22 Şubat 2016 Pazartesi

İkinci dayılık ve Çuvaşistan

   Bugün, ikinci kez dayı olmanın sevincini yaşıyorum. En sevdiğim küçük ablam ve en sevdiğim küçük eniştemin ilk evlatçığı Göktürk, İzmir'de hayata gözlerini açtı. Bense, kilometrelerce uzaktayım. Rusya'nın vassalı matur Tataristan'ın güzel şehri Kazan'dayım. Ona dair ilk hislerimi bloguma kaydetmek istedim.
   Yazının başlığı neden Çuvaşistan? Geçen yılın Haziran ayında, Kazan'dan biraz kuzeybatıda kalan Çuvaşistan'ın başkenti Çeboksarı'ya (Şupaşkar) gezmeye gitmiştik.
   Göktürk'ün varlığından ilk o gün haberdar olmuştum. Zalif'te, İdil kenarında. Bir dal marlboro'nun keyfine daha bir keyif katılmıştı. Sevinmiştim. Yıllar öncesinin dalin reklamlarından kalma bir şarkı ağzıma takılıp durmuştu: "Saçlarım bebek gibi, kokum melek gibi..."

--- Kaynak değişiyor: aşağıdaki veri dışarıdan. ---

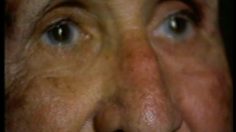 poster-2877-protection-sante-anti-alzheimer-souvenirs-236x132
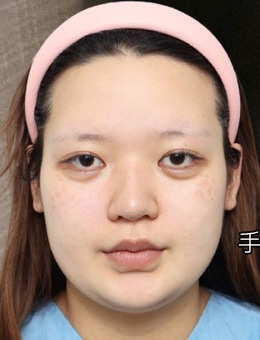 韓國(guó)答必達(dá)整形醫(yī)院做鼻整形技術(shù)好,配合雙下巴吸脂手術(shù)側(cè)顏簡(jiǎn)直絕了!
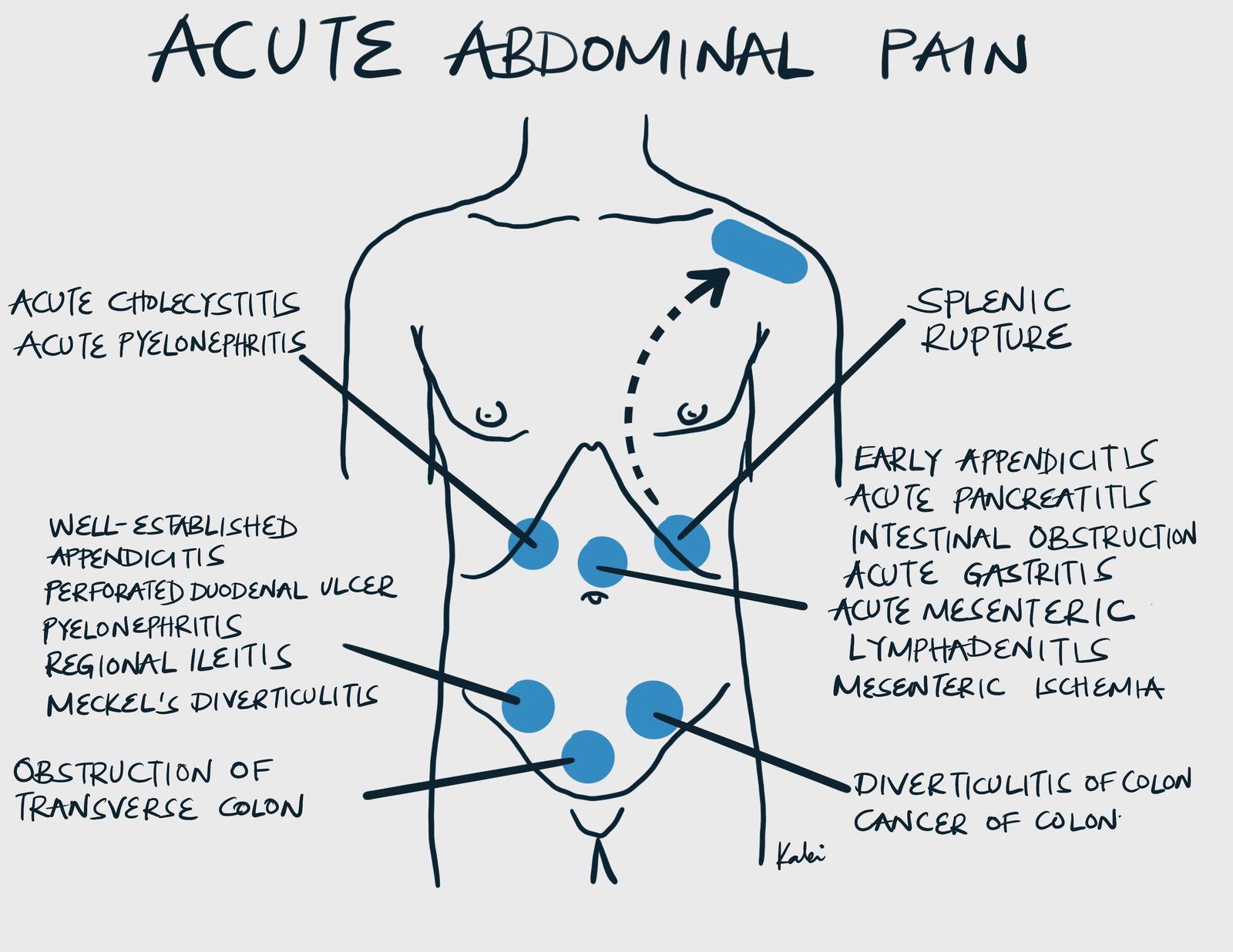 acute-abdominal-pain-hyperexcision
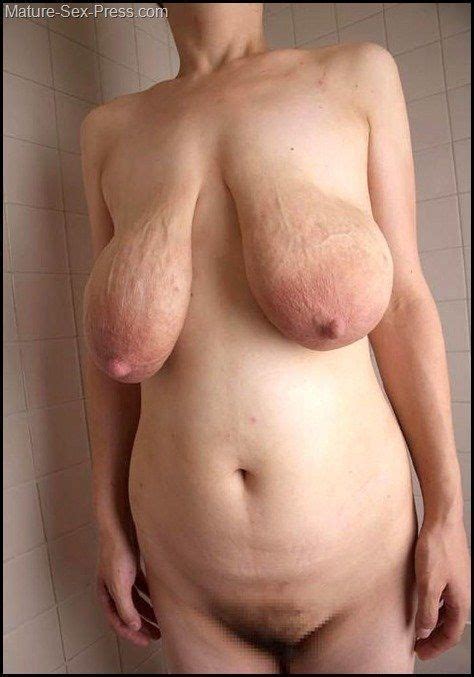 Floppy Mature Tit Stretch Marks Sex Pictures Pass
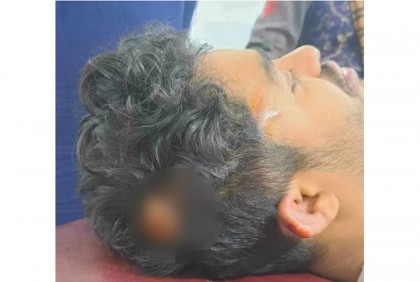 সাংবাদিককে রড দিয়ে পেটানোর অভিযোগ ছাত্রলীগের নেতাকর্মীদের বিরুদ্ধে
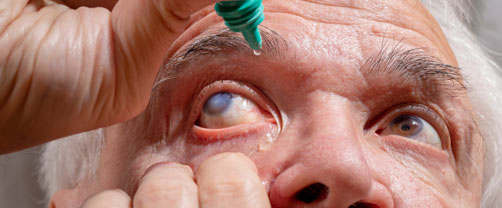 Man using eye drops on eye with cataracts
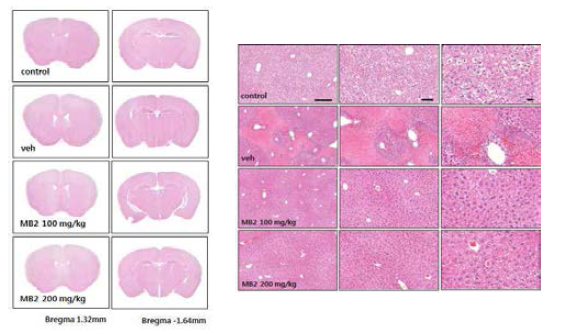 미병 후보 약물 MB2의 뇌/ 간조직의 조직병리학적 변화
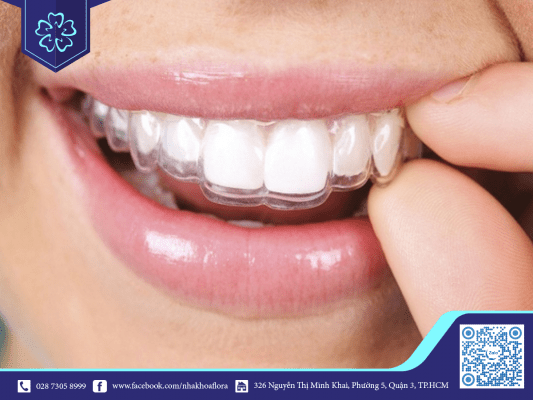 invisalign-han-che-doi-giong-khi-nieng-rang Invisalign hạn chế đổi giọng khi niềng răng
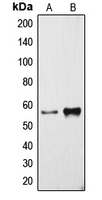 CYP3A4 / Cytochrome P450 3A4 Antibody - Western blot analysis of Cytochrome P450 3A4 expression in NCIH460 (A); human liver (B) whole cell lysates.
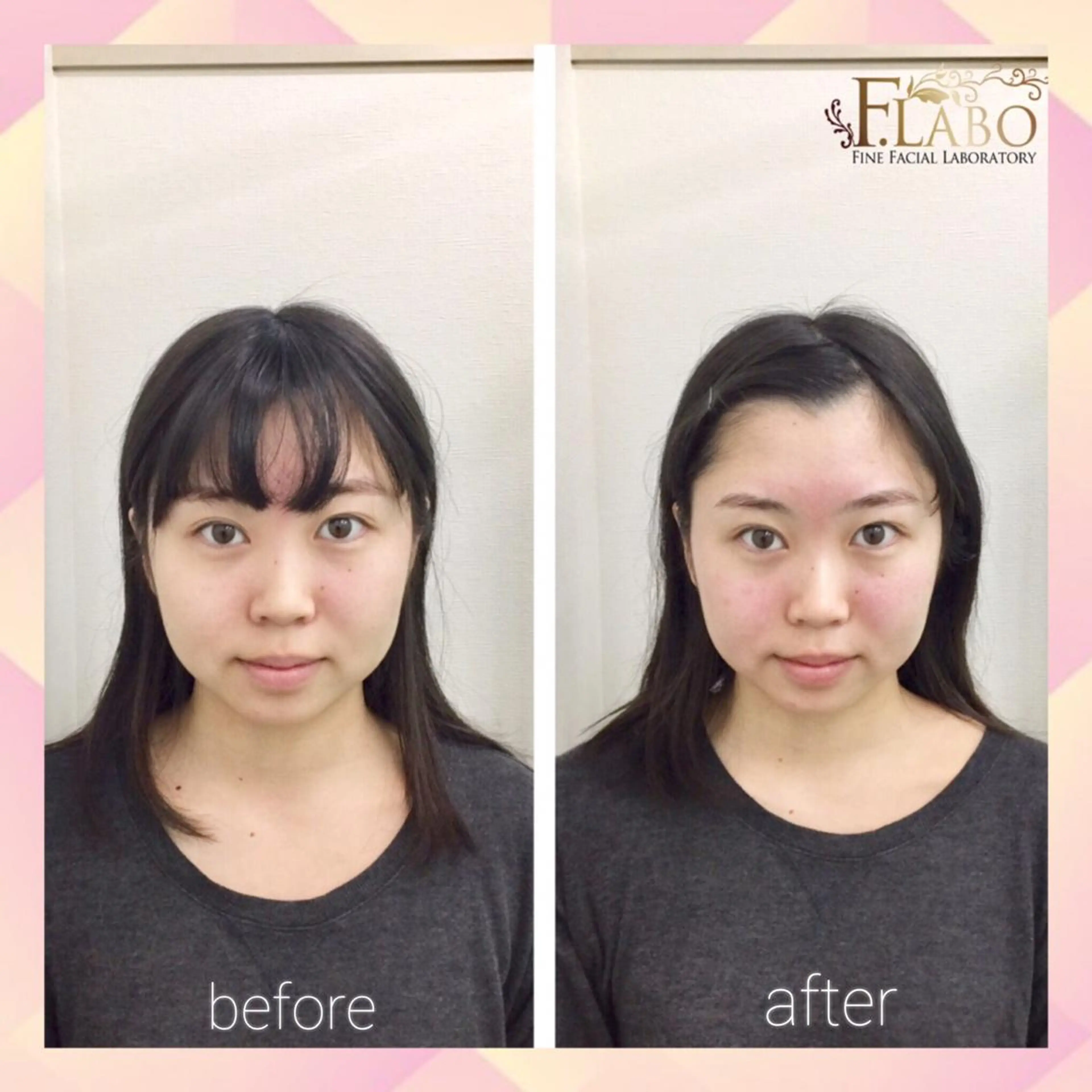 小顔&ダイエットジム エステ担当REIKOのその他イメージ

   Hani, facebook'ta aylar yıllar önce paylaşılmış bir fotoğrafınızı biri beğenir de fotoğraf birden yirmi yıl sonra yeniden patlama yapan şarkıcılar gibi beğeni yağmuruna tutulur ya; garip bir tevafukla kendisinden ilk kez Çuvaşistan'da haberdar olduğum gün Çuvaşistan'da çekilmiş bir fotoğraf, Göktürk'ün doğduğu günün sabahı tekrar önüme geldi. Beğenen beğenene. (Bkz: Foto 2)
Foto 2: Çuvaşistan'ın başkentinde
 Çuvaş Ana heykelinin önünde,
Erkan Karagöz hoca ile.
Fotoğraf: Can Mert Tatlıoğlu
 
   ***

   İlk yeğenim Elif Hilal'den ilk haberdar oluşum, İstanbul'da Çapa semtindeki izbe öğrenci evindeki karanlık odamda olmuştu.
   Sabahında, köyde aile arasında 'koca ev' dediğimiz, artık kimsenin oturmadığı Rahmetli Ahmet dedemden kalma evde, bir yaşlarında bir kız çocuğunun boynuma sıkı sıkı sarıldığını görmüştüm. Tesadüfün böylesi, demiştim. Aylar sonra Elif Hilal'in doğumuna gittiğimizde bu rüyayı da anmıştık.
   Elif Hilal doğduğunda henüz bir blog açmamıştım ve çok yoğun çalışıyordum, sanırım bu yüzden böyle bir not tutmadım. Tutsam iyi olurmuş. Yeri gelmişken, Elif'in annesi Ayşen ablamın da ilk kez teyze olduğunu kaydetmiş olayım.
   Bu tarz konularda not tutmanın önemi üzerine birkaç farklı muhabbette, Kazan'da yaşayan çevirmen Fatih Kutlu'dan çok şey öğrendim. Kızının doğumunda tuttuğu notlardan bahsedişi, aile tarihi meselesine bakış açısı vs... Elif doğduğunda, bir gün gelip de Rusya'da, Kazan şehrinde yaşayacağım aklımın sınır komşusu bir eyaletten bile geçmiyordu.

   ***

   Nedense, tüm aile henüz cinsiyeti belli olmadan erkek hissetmişti. Bu sefer rüya görmedim ama, ben de ilk haber aldığımdan beri erkek olacakmış gibi bir his içindeydim.
   Kız doğsa çöpe atmayacaktık tabi... :)

   ***

   Yirmi dört yaşımdan hızla günler almaktayım. Aslında daha erken dayı olmak, bekar ve genç dayı olarak çok daha uzun süreler yeğenlerimle vakit geçirmek isterdim. Hala bekar ve gencim ama, Rusya'dayım. Takdir edersiniz ki kilometre hesapları dert sebebi... :)
   Allah'tan watsapp'tı viber'di (vaybır değil, dümdüz viber), fesefoktu, skayp'tı mesafeleri zaman zaman kısaltabilen teknolojilerin ucuzladığı bir çağda yaşıyoruz.
   Yeğenlerimi internet üzerinden de olsa görmek çok güzel. Dayı olmak da...
   Ablam ve eniştemi de tebrik etmek lazım. İlk kez anne ve baba oldular. Sanırım, Tosun Paşa filminin efsane repliklerinden olan bu esprinin yerini bulacağı anı yıllardır bekliyordum; bundan sonra tutmayın küçük enişteyi!..

2 yorum:

  1. okurken bizim Ahmet doğru yolda dedim içimden.....

    YanıtlaSil
  2. Ne güzel bir yazı hocam. Allah uzun ömür versin minik Göktürk ve Elif Hilâl'e.